Supplied entries: Begin
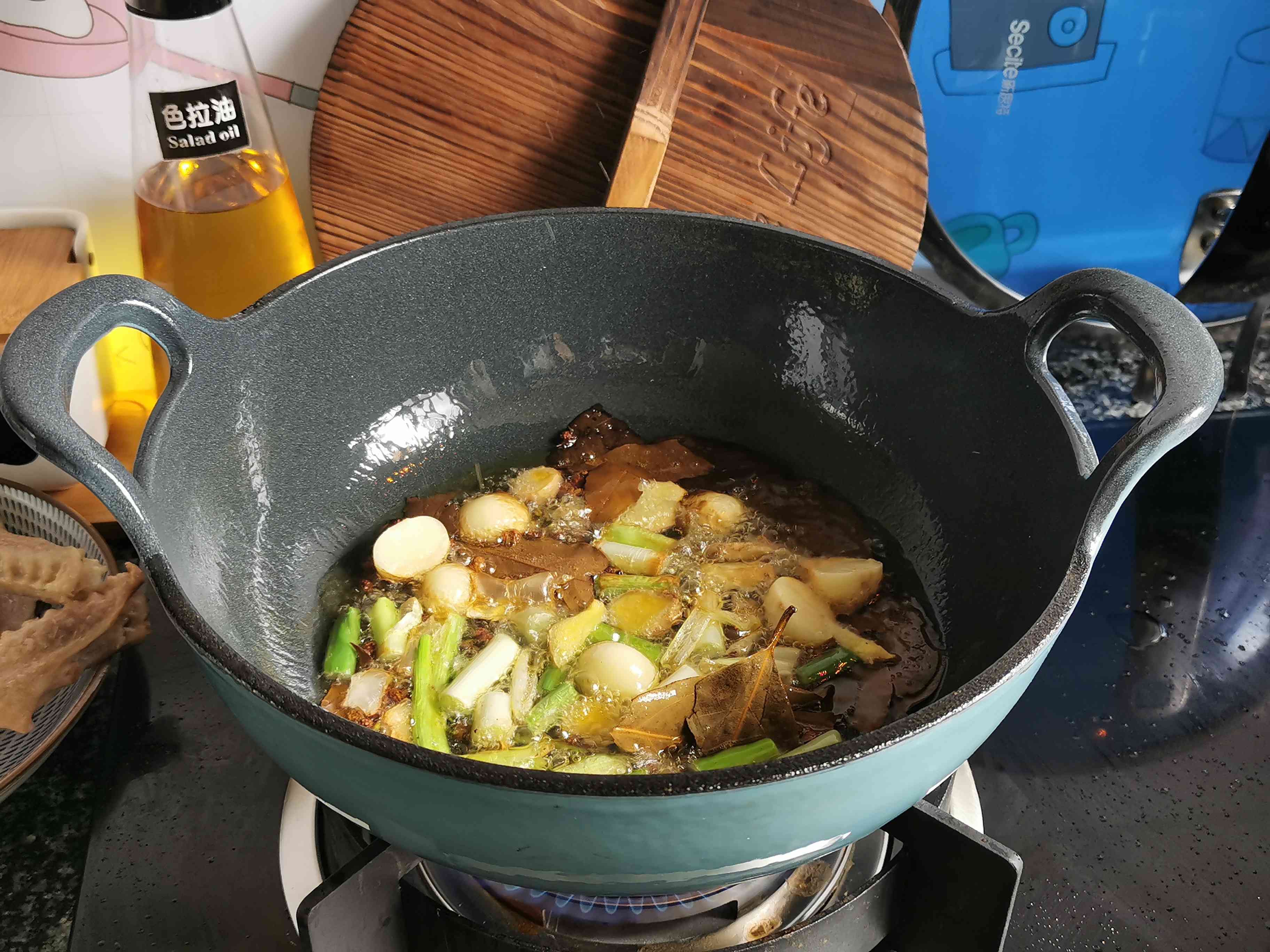 麻辣香鍋的做法-香辣味炒菜譜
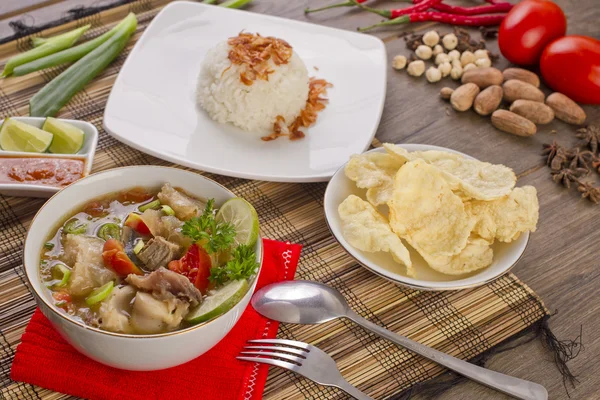 Sop buntut, Indonesian oxtail soup — Stock Photo, Image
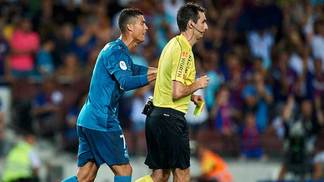 "Tem alguma coisa aí", diz Zidane sobre a suspensão de Cristiano Ronaldo Cristiano Ronaldo empurrou árbitro na Supercopa da Espanha entre Barcelona e Real Madrid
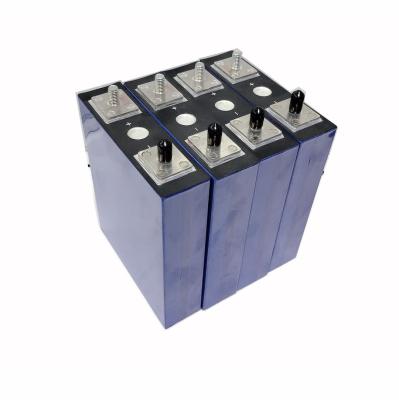 China 3,2 voltios LiFePO4 100Ah prismático Li Ion Cell 1KHz para el almacenamiento solar en venta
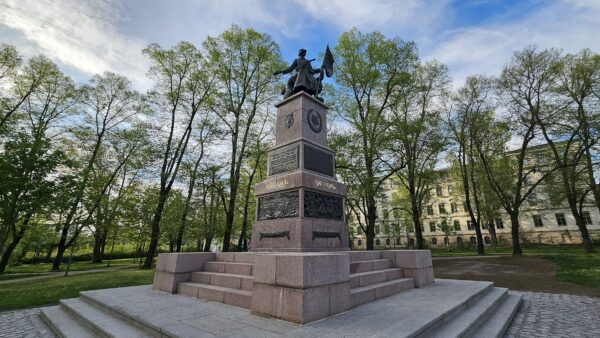 Das Sowjetische Ehrenmal am Olbrichtplatz - Foto: Anton Launer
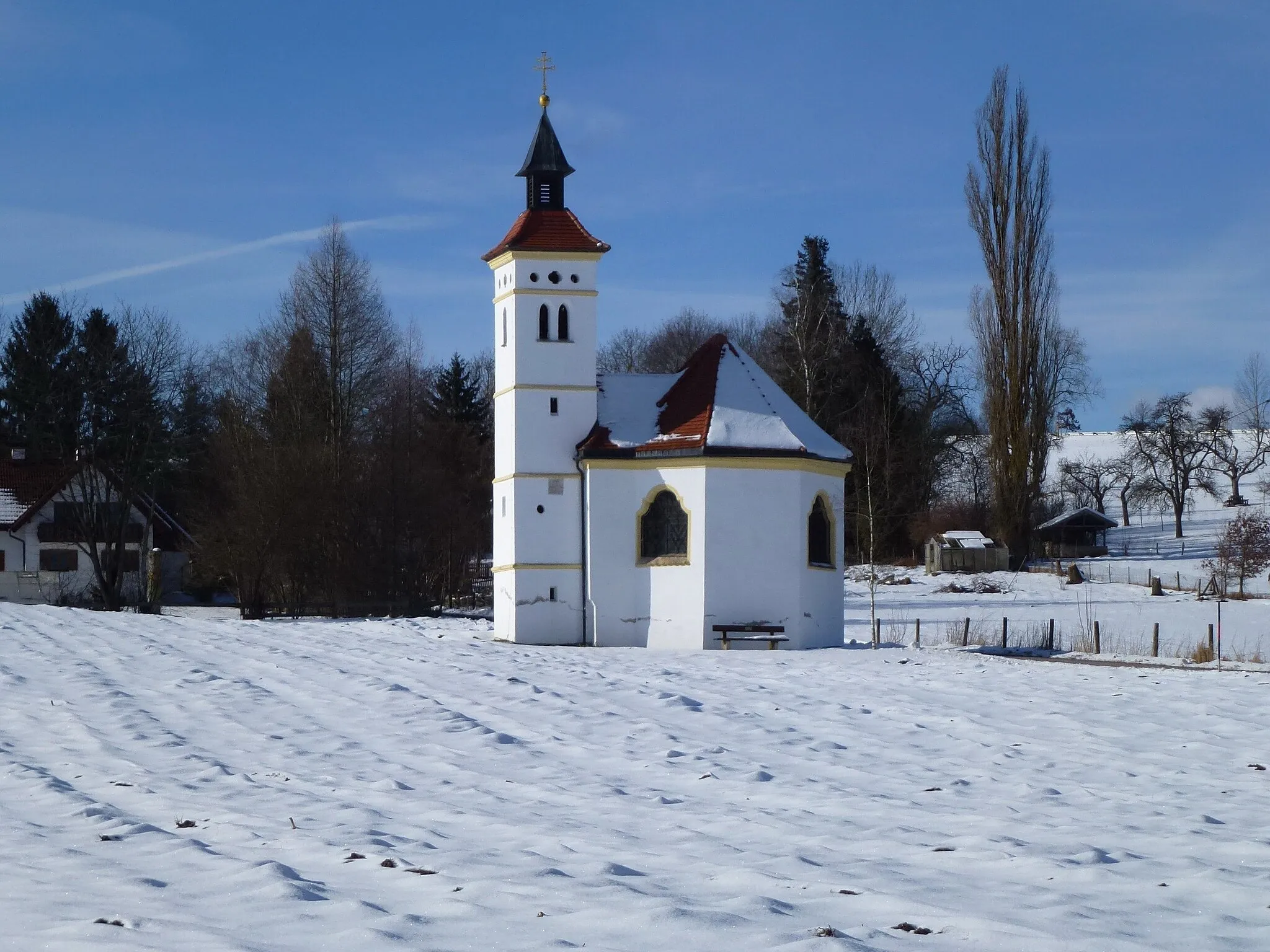 Photo showing: Dießen-Bischofsried: Katholische Kapelle Maria Schnee. Ansicht aus Ost-Süd-Ost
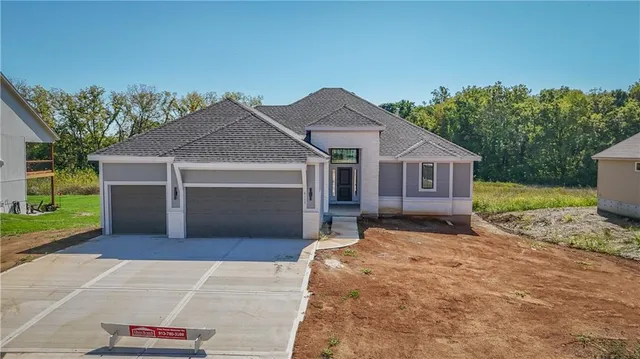 $739,950 | 6115 Lewis Drive, Shawnee, KS 66226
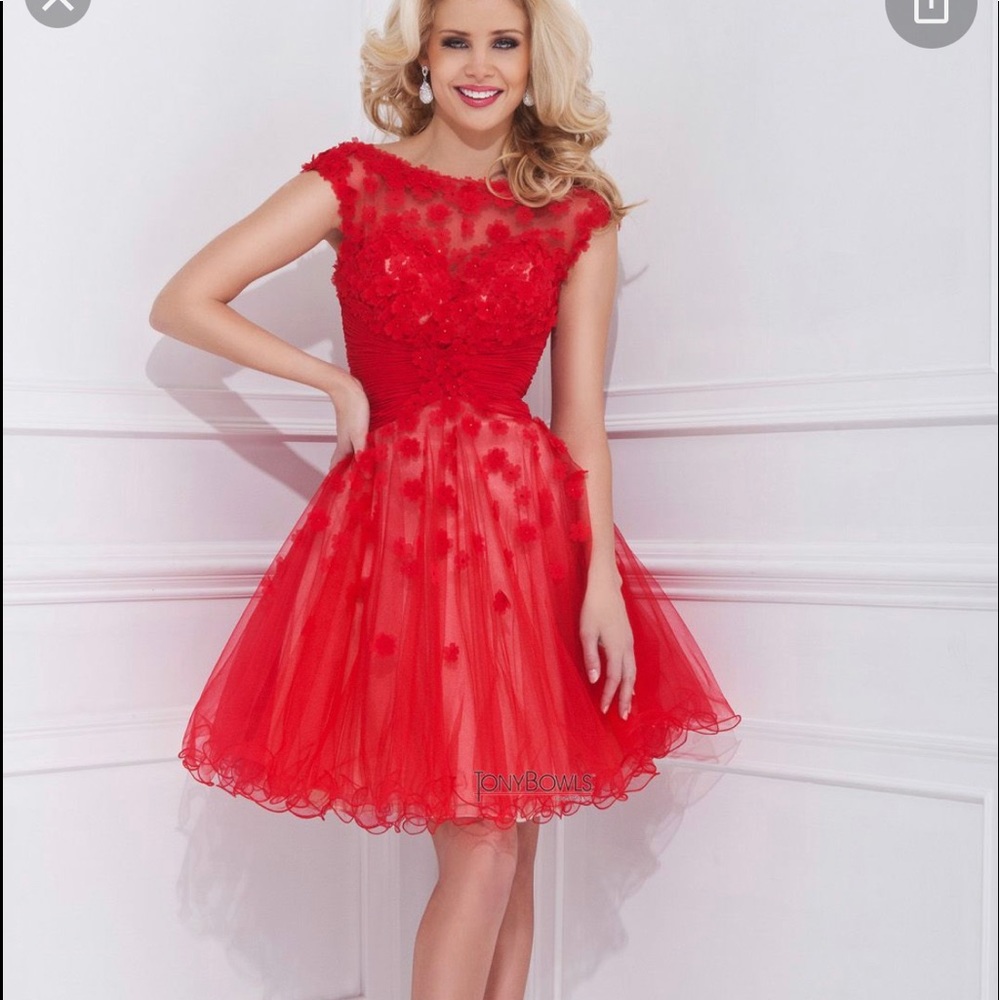 NWT Tony Bowls size 6 precious red party semi formal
Supplied entries: End
§ **Task requirements**: The required output is the exact lines from the opening line of the entries through the line with "e Real Madrid", inclusive, without pictures.

§ **Result of the task**:
 麻辣香鍋的做法-香辣味炒菜譜
 Sop buntut, Indonesian oxtail soup — Stock Photo, Image
 "Tem alguma coisa aí", diz Zidane sobre a suspensão de Cristiano Ronaldo Cristiano Ronaldo empurrou árbitro na Supercopa da Espanha entre Barcelona e Real Madrid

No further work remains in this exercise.